Exactly as they appear, copy the lines from the one holding "Double layer breathable" through the end of the records, leaving pictures out.
(Beginning of GIVEN ENTRIES)
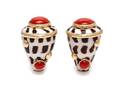 A Pair of Yellow Gold Shell and Coral Earclips MAZ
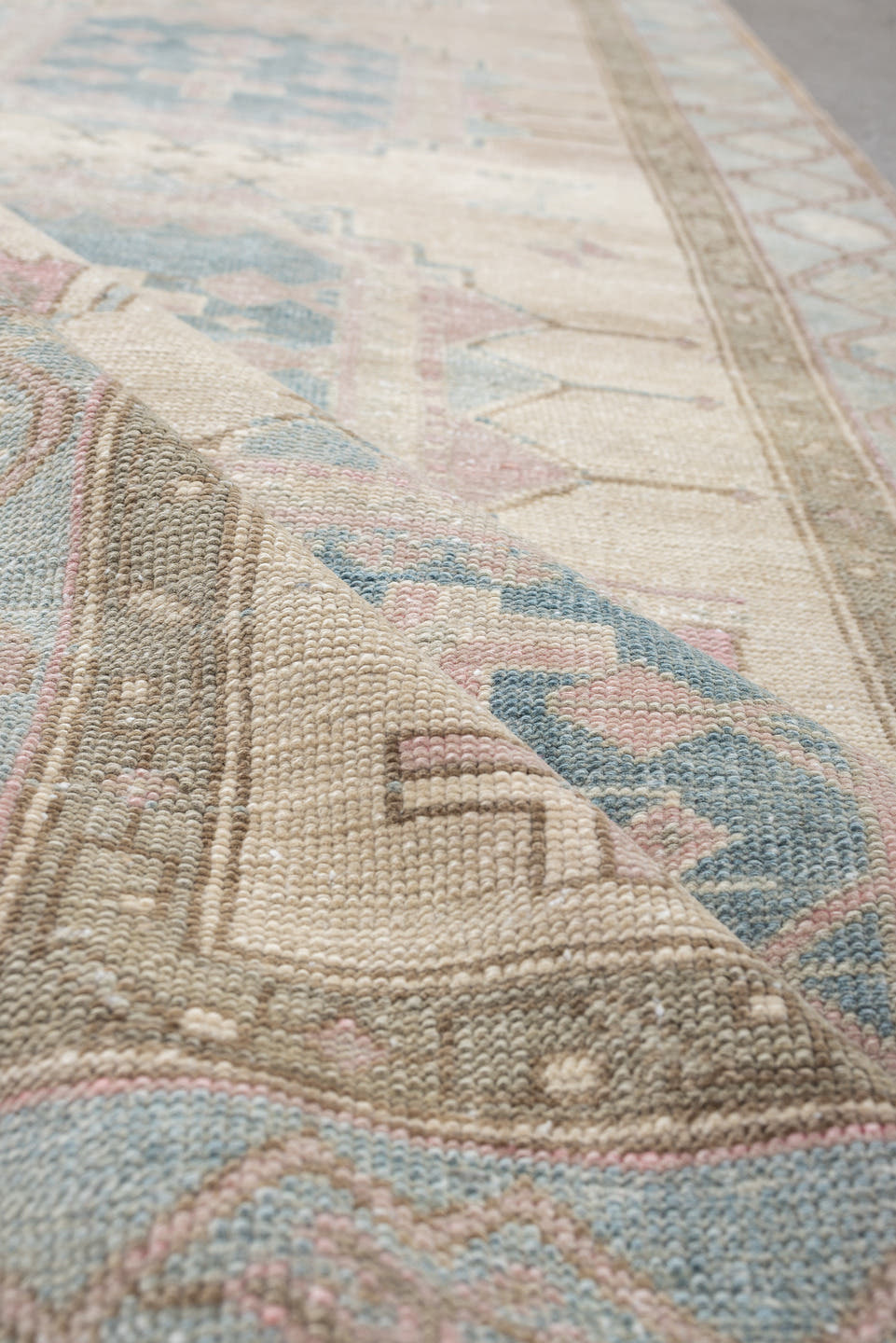 3' x 10' one-of-a-kind handmade antique Saraband runner rug. Color palette: ivory, sky blue, blush, taupe, sage, rose
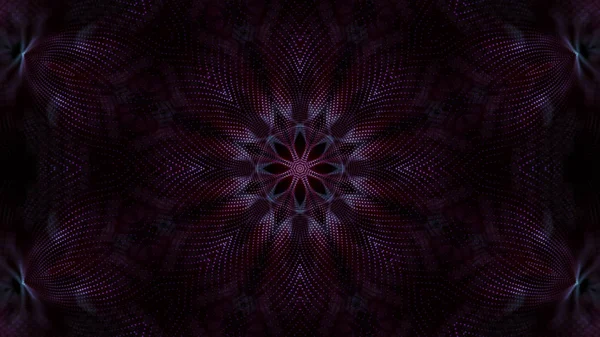 Kaleidoscope patterns of purple round luminous particles. abstra — 스톡 사진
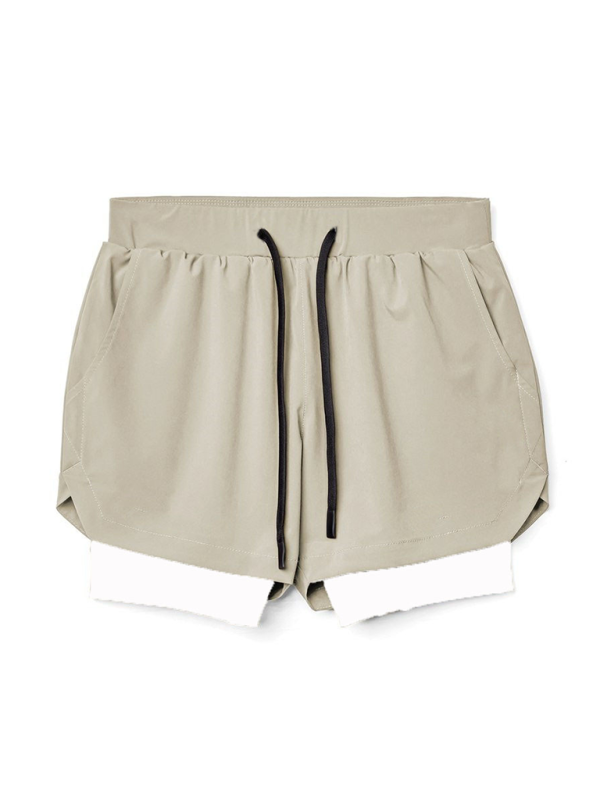 Double layer breathable anti-exposure basketball pants running training sports shorts for men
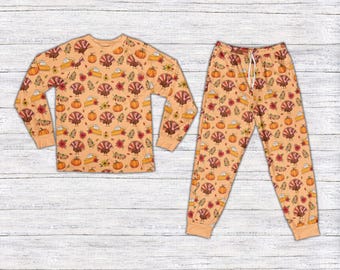 Cozy Vibes Thanksgiving Pajamas, Turkey Pumpkin Pie Long Sleeve Two Piece Pajama, Cute Fall Pumpkin Season Loungewear, Thankful Gift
(End of GIVEN ENTRIES)
WRITTEN SOLUTION |
 Double layer breathable anti-exposure basketball pants running training sports shorts for men
 Cozy Vibes Thanksgiving Pajamas, Turkey Pumpkin Pie Long Sleeve Two Piece Pajama, Cute Fall Pumpkin Season Loungewear, Thankful Gift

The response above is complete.